# 2025 USA-NA-AIO Round 1, Problem 2

## Problem 2 (100 points)

This problem is about the basics of neural network.

Before starting this problem, make sure to run the following code first without change:


In [None]:
""" DO NOT CHANGE """

import numpy as np
import matplotlib.pyplot as plt
import torch
import torch.nn as nn
import torch.optim as optim

torch.manual_seed(2025)

""" END OF THIS PART """


---

## $\color{red}{\text{WARNING !!!}}$

Beyond importing libraries/modules/classes/functions in the preceding cell, you are **NOT** allowed to import anything else for the following purposes:

- As a part of your final solution. For instance, if a problem asks you to build a model without using sklearn but you use it, then you will not earn points.

- Temporarily import something to assist you to get a solution. For instance, if a problem asks you to manually compute eigenvalues but you temporarily use `np.linalg.eig` to get an answer and then delete your code, then you violate the rule.
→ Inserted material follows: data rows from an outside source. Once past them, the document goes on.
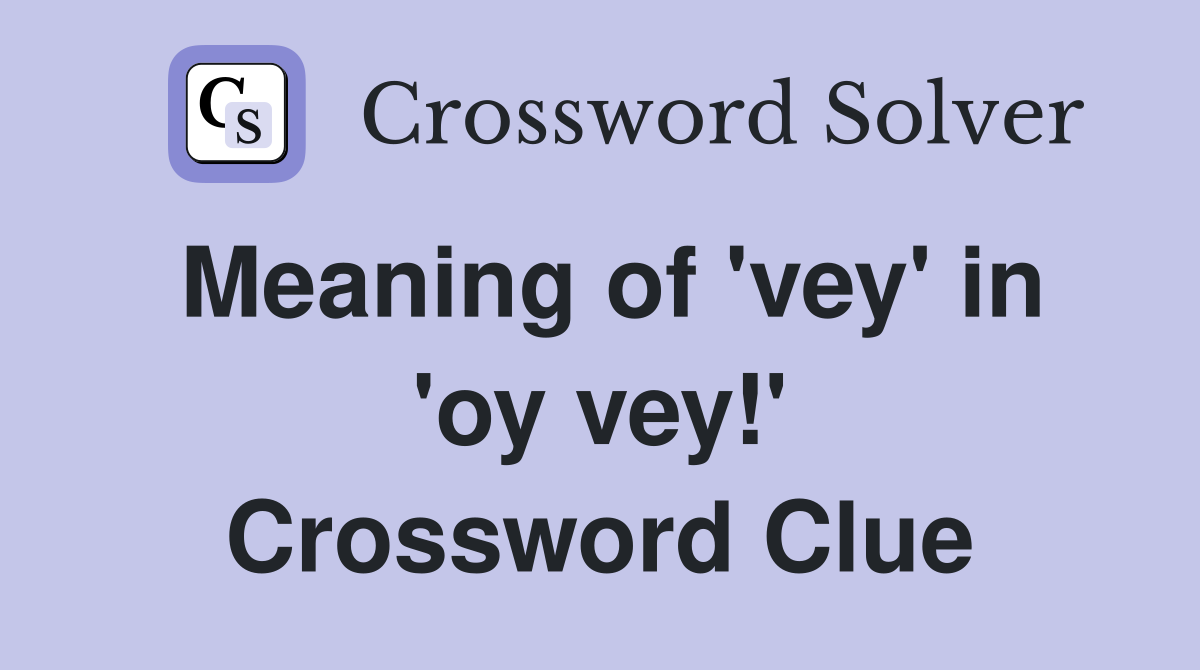 Meaning of 'vey' in 'oy vey!' Crossword Clue
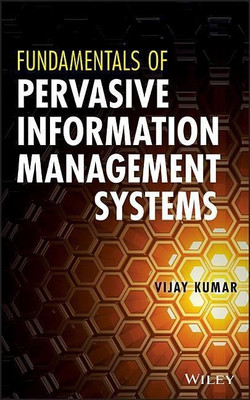 Fundamentals of Pervasive Information Management Systems(English, Hardcover, Kumar Vijay)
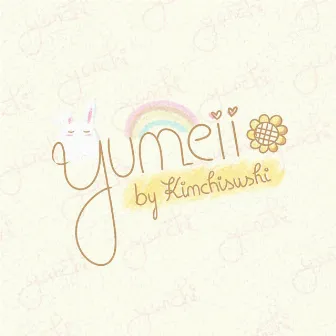 Yumeii by Kimchisushi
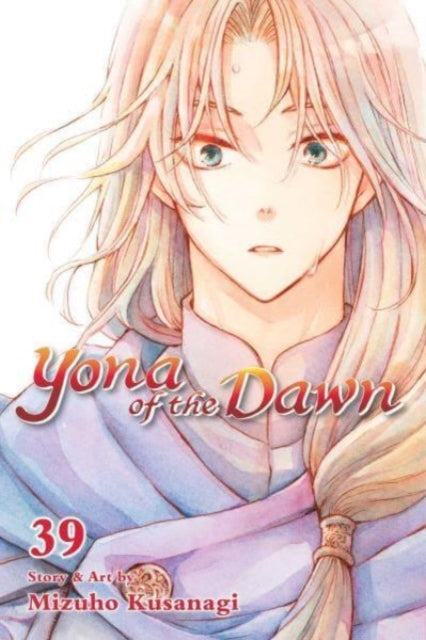Yona Of The Dawn Vol 39 By Kusanagi, Mizuho
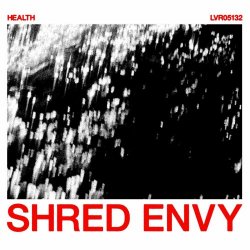 Health - Shred Envy (2025) [Single]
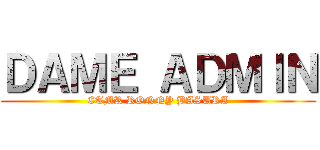 ＤＡＭＥ ＡＤＭＩＮ (CTMR RONNY BASURA)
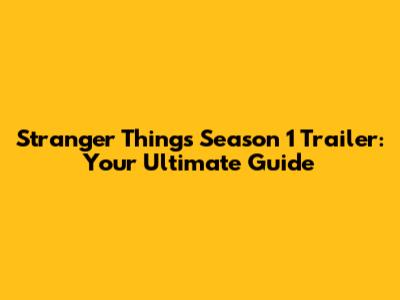 Stranger Things Season 1 Trailer: Your Ultimate Guide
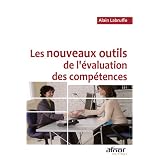 Les nouveaux outils de l'�valuation des comp�tencespar Alain Labruffe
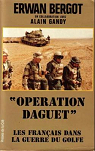 Operation Daguet. Les Francais Dans La Guerre Du Golfe par Bergot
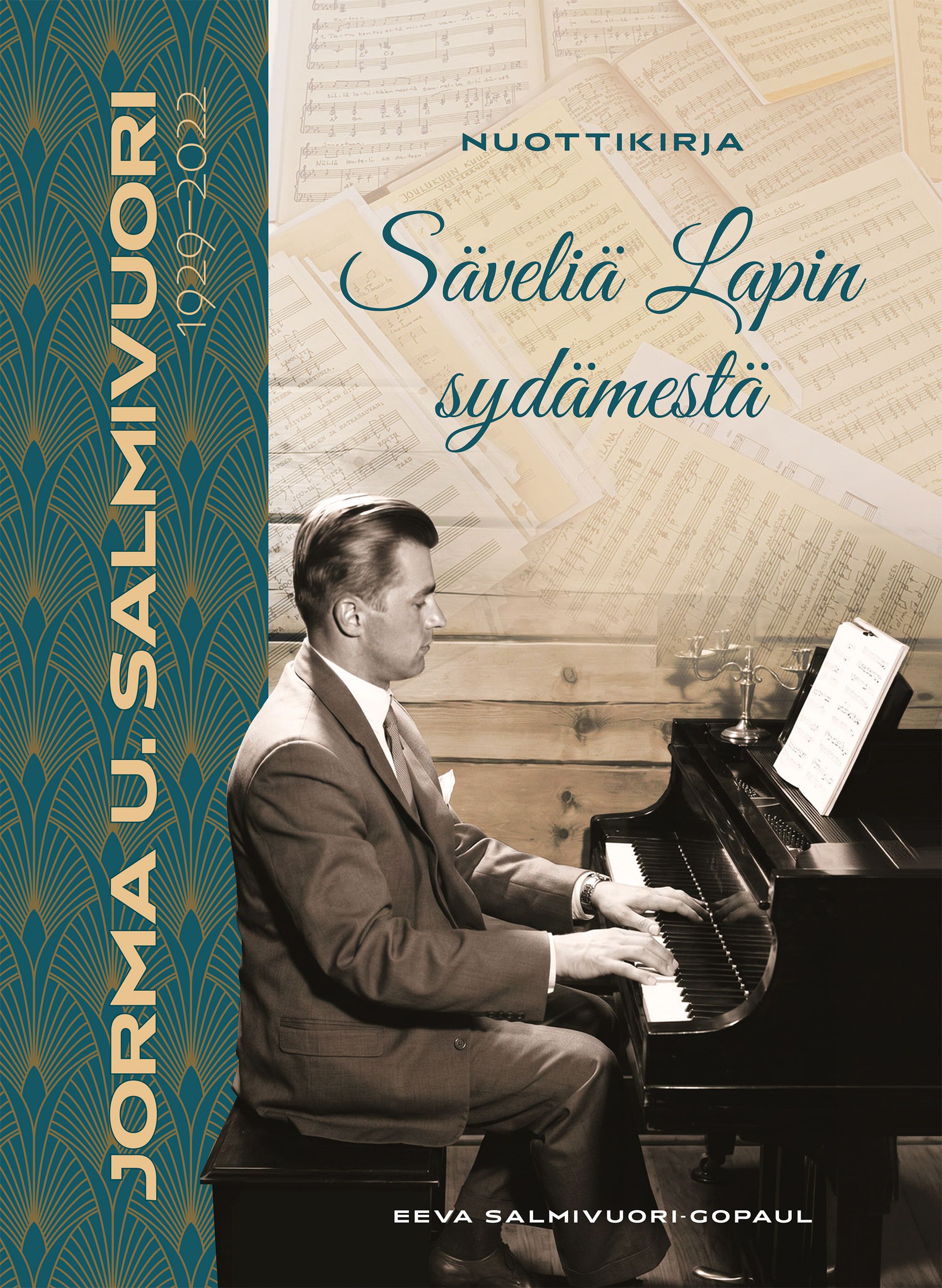 Eeva Salmivuori-Gopaul : Säveliä Lapin sydämestä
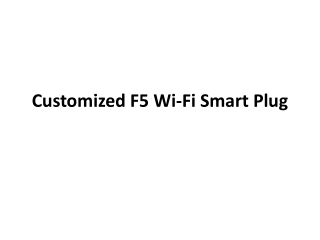 Customized F5 Wi-Fi Smart Plug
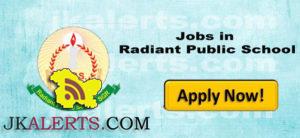 Radiant Public School Srinagar Jobs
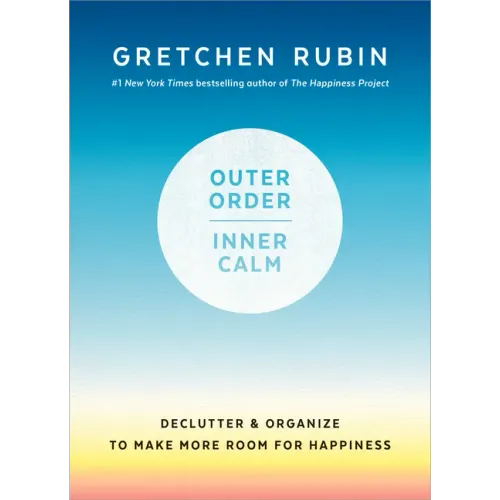 Outer Order, Inner Calm: Declutter and Organize to Make More Room for Happiness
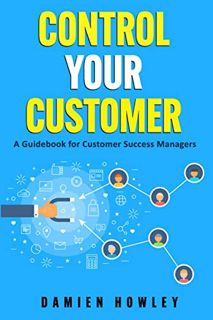 Read EPUB KINDLE PDF EBOOK Control Your Customer: A Guidebook for Customer Success Managers by  Dami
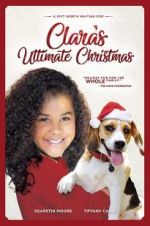Watch Clara\'s Ultimate Christmas Gomovies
**Rule of thumb:** Each part has its particular purpose to intentionally test you something. Do not attempt to find a shortcut to circumvent the rule.

All coding tasks shall run on **CPUs, not GPUs**.


---

## Part 1 (5 points, non-coding task)

The high level idea of affine transformation in math is that for each column vector $\mathbf{x} \in \mathbb{R}^N$, an affine transformation maps it to another column vector $\mathbf{y} \in \mathbb{R}^M$ via

$$\mathbf{y} = \mathbf{W} \mathbf{x} + \mathbf{b}$$

where

- $\mathbf{W} \in \mathbb{R}^{M \times N}$.
- $\mathbf{b} \in \mathbb{R}^{M}$.

Now, let us study a small-sized problem.

Let

$$\mathbf{W} = \begin{bmatrix} 2 & -3 & 1 & 3 & -2 \\ 0 & 1 & 2 & 5 & -1 \\ 7 & -1 & -3 & 7 & 0 \end{bmatrix}$$

and

$$\mathbf{b} = \begin{bmatrix} 1 \\ 0 \\ -1 \end{bmatrix}$$

and

$$\mathbf{x} = \begin{bmatrix} 1 \\ 2 \\ -3 \\ 1 \\ -2 \end{bmatrix}$$

Answer the following questions:

1. What is the value of $N$?
2. What is the value of $M$?
3. What is the value of $\mathbf{y}$?

Questions 1 and 2 do not require reasoning. Question 3 requires reasoning.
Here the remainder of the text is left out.